The Indian government has clarified that it will neither revise its fiscal deficit target immediately, nor is it planning any spending cuts at this stage.
After Finance Minister Nirmala Sitharaman slashed corporate tax rates by almost 10 percentage points on Friday to boost private investment, there was speculation that the government may have to carry out spending cuts, as it had claimed that lowering of taxes would lead to a revenue shortfall of 1.45 trillion rupees (US$20.37 billion).
Sitharaman clarified that the government would only review the fiscal deficit target closer to the 2020-21 budget. She also ruled out any cuts in spending.
Though the tax cuts were hailed by corporate India and equity markets on Friday staged their biggest rally in 10 years, bond yields spiked to a nearly three-month high on speculation the government may have to borrow more to meet its spending needs.

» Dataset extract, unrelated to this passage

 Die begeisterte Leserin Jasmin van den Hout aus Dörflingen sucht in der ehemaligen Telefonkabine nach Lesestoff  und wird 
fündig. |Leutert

Commenting on the tax cuts, Reserve Bank of India governor Shaktikanta Das termed them as a bold and welcome measure. “It will augur extremely well and will be highly positive for the economy,” Das said at the time.

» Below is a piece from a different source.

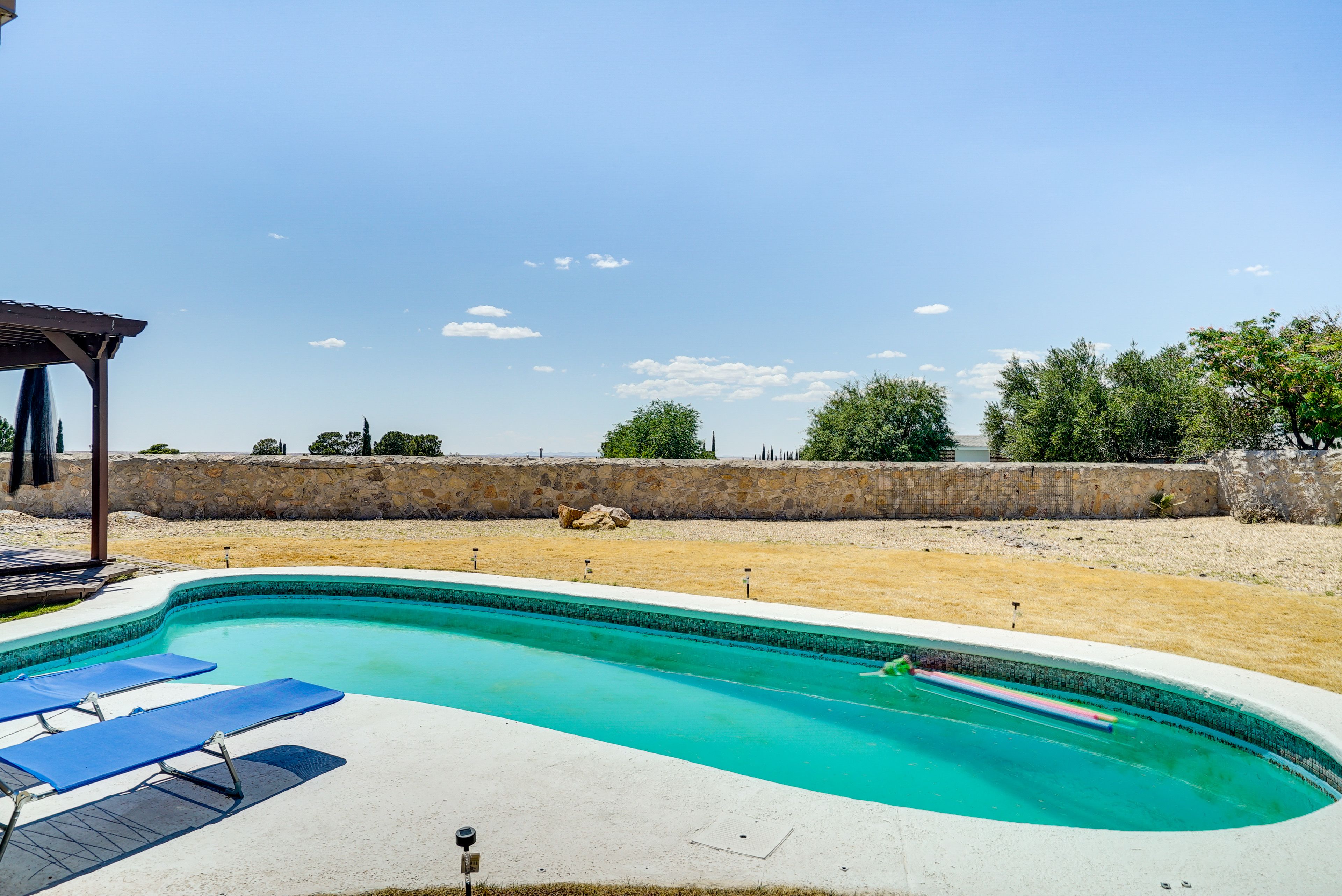Private Pool (Seasonal)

However, the governor did not speak about the fiscal impact of the massive tax giveaways. A day before Sitharaman made the announcement, he said, “Fiscal deficit is at 3.3%. There are lots of discussions about the borrowings by public-sector industrial units. Both put together there is already very little space for fiscal expansion.”
Well-known columnist T N Ninan commented in his weekly column in Business Standard that with this move the government had dumped fiscal restraint. He also pointed out that tax revenue was well short of targets and expected the deficit this year could “well be the highest in a decade.”

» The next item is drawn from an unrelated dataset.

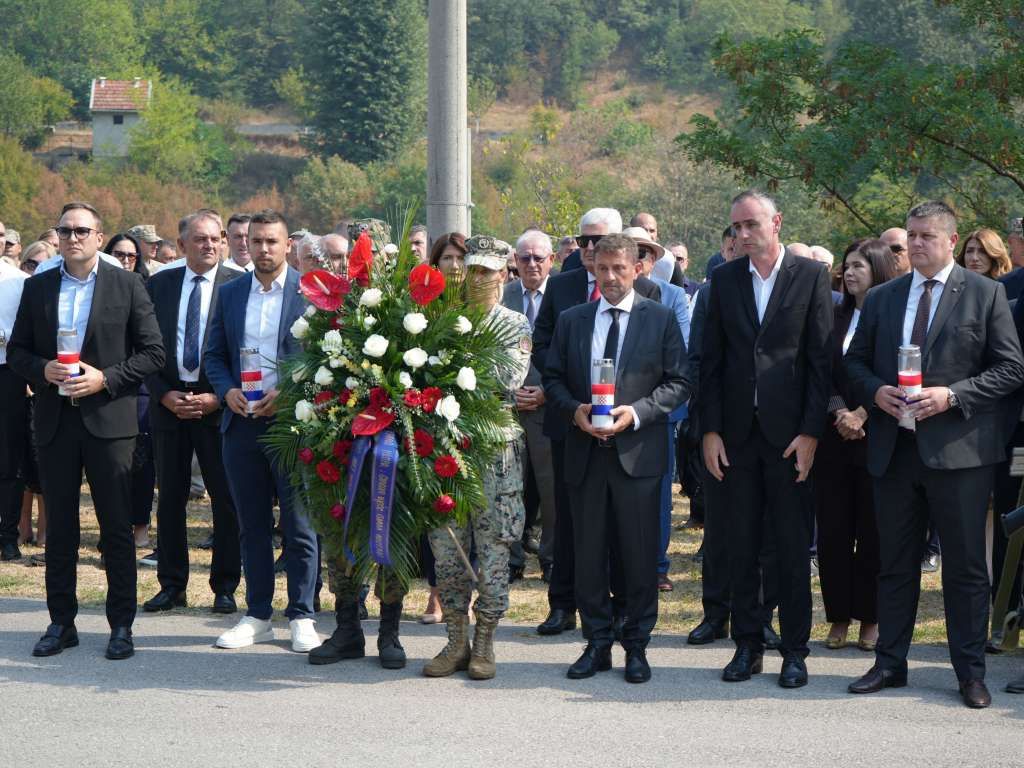 Kordić i Rahimić na obilježavanju 33. godišnjice zločina nad hrvatskim civilima u Grabovici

The move did not find much favor from rating agencies. S&P Global said India’s move to cut corporate tax rates was a “credit-negative development” despite potentially boosting the economy as it would widen the fiscal deficit.
Moody’s said this move would narrow the government’s fiscal room for maneuver. However, it described the rate reduction as credit-positive for companies because it would enable them to generate higher after-tax incomes.
After growth in gross domestic product for the April-June quarter slipped to a six-year low, the government was under pressure to stimulate private investment. The slowdown in investment and consumer demand had derailed manufacturing, which grew just 0.6%. The farm sector also posted a meager 2% rise, and this added to the demand slowdown.
In addition, the government also had to contend with rising unemployment, which according to official figures stood at a 45-year high of 6.1% for the 2018 fiscal year.
The government hopes its slashing of corporate tax rates will help India position itself as an attractive investment destination and gain from the ongoing US-China trade standoff.
It also hopes that reducing tax rates to 15% from 25% for new manufacturing companies that start production before March 2023 and are incorporated on or after October 1, 2019, will help its “Make in India” program boost the manufacturing sector.